How far would you go to get your hands on billions of pounds worth of cryptocurrency? Dr Craig White, who also claims to be Satoshi Nakamoto (the anonymous visionary behind the bitcoin project) is continuing his quest to get control of a vast quantity of bitcoin he (or rather his associated company, Tulip Trading) claims to own.
Tulip Trading claims to be the "true owner" of bitcoin worth ~£2bn at two addresses.
Dr White claims that persons unknown hacked into his computer, copied the (encrypted) zip file containing the private keys required to access the bitcoin at those addresses, and then deleted it, leaving him unable to access the funds.
However, the hackers are unable to access the bitcoin, as the zip file was itself encrypted. It is therefore sitting in limbo with nobody able to access it.
This case is a novel attempt to recover control of this bitcoin. Tulip Trading is not seeking a remedy against the unknown hackers or an exchange (as in the case of AA v Person Unknown). Instead, it claims that the developers of the bitcoin networks (actually 4 different networks) have the technical capability and control of the network necessary to return control of the bitcoin to Tulip Trading, and that they owe Tulip Trading a duty to do so.
As Tulip Trading does not have a contractual relationship with the developers, it is seeking to extend and rely on the law of fiduciary duties (more usually seen in the worlds of trusts and banking) to help its cause.
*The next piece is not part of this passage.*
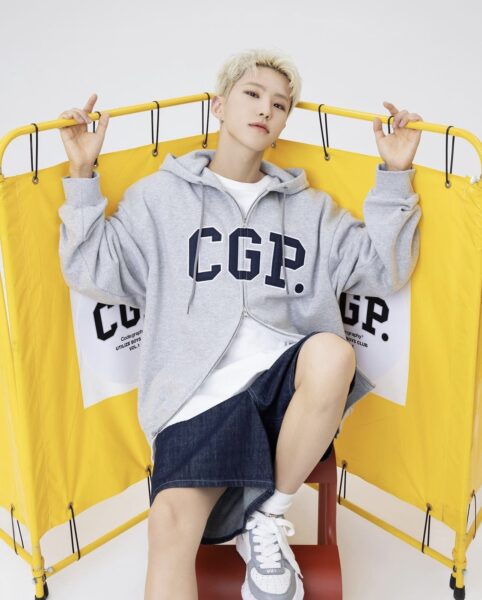 SEVENTEEN（セブチ）ホシは軟骨にピアス！数や位置は？調べてみた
It claims that the developers who control the code base of a cryptocurrency owe fiduciary duties to the "true owners" of the relevant crypto currency.
Tulip Trading’s contention is that these novel fiduciary duties could extend to a positive duty in this situation to take steps to return control of the cryptocurrency to the "true owner" (if a court has made a declaration of ownership in favour of that “true owner”).
Points of Contention
The High Court case and this appeal are both concerned with Tulip Trading seeking to serve proceedings on the bitcoin developers, who are all outside of the jurisdiction. This is therefore not a full court hearing (and appeal) based upon an evaluation of the facts. Instead, Tulip Trading must meet a much lower bar, and show that its position is at least arguable.
While the High Court did not think it was, and refused permission, the Court of Appeal overruled this, deciding there is a serious case to be tried. Birss LJ held that it is not unarguable that this kind of fiduciary duty could exist, and that such a duty could require this kind of action from the developers.
Ultimately, the Court of Appeal's view comes down to a question of fact as to whether bitcoin (and by extension any cryptocurrency or digital asset) is truly decentralised, given the particular apparent power the bitcoin developers have.
The developers might (and do) claim that their power is in fact very limited, as the other network participants (e.g., miners) would not accept a software update which had this kind of effect. However, this is a question of fact which will now be determined at trial.
Given the large value of bitcoin which is at stake (even with the more recent fall in value of bitcoin more generally), this case is not going to go away quietly.
It is expected to go back to the High Court for a full trial. Ultimately the High Court will have to scrutinise the facts carefully; there will be a lot of contested factors. Can Tulip Trading prove "true ownership? Can they establish that decentralised governance really is a myth, as suggested by the Court of Appeal? Would the requested remedy actually be effective?
It is worth noting that one of the blockchain networks, BSV, claimed last summer that they have settled with Tulip Trading, and have implemented software allowing “a Notary Service Provider to verify court orders asserting the rightful ownership of coins misappropriated in hacking incidents”. The Notary Service Provider would then broadcast that message for miners to implement.
However, this presumably still requires Tulip Trading to obtain a court order verifying ownership of the hacked bitcoin in question.
More generally, should developers of open-source software (whether individual or companies) be worried about this move towards developers potentially being held to duties unimaginable when they took on this role?
From the Court of Appeal's judgement, the possibility of a fiduciary duty being arguable is very much a consequence of the adjacency with the cryptocurrency as a digital asset and “property” (the software is the asset, as the Court of Appeal expressed it). Developers who are not maintaining the codebase of a digital asset should therefore arguably not be overly concerned about this decision.
For developers of digital assets more generally, this seems part of a trend towards greater regulation. In its recent consultation on the future financial services regulatory regime for crypto assets, HM Treasury suggests that if software developers of decentralised finance offerings go on to maintain, run and operate systems used for regulated financial activities (like exchange or lending), then they should be subject to financial services regulation.
The Tulip Trading case highlights the complex issues surrounding ownership and control of digital assets in the world of cryptocurrency. It remains to be seen how the High Court will rule on the facts of the matter, but the case raises important questions about the responsibilities of developers and the potential for greater regulation in the industry.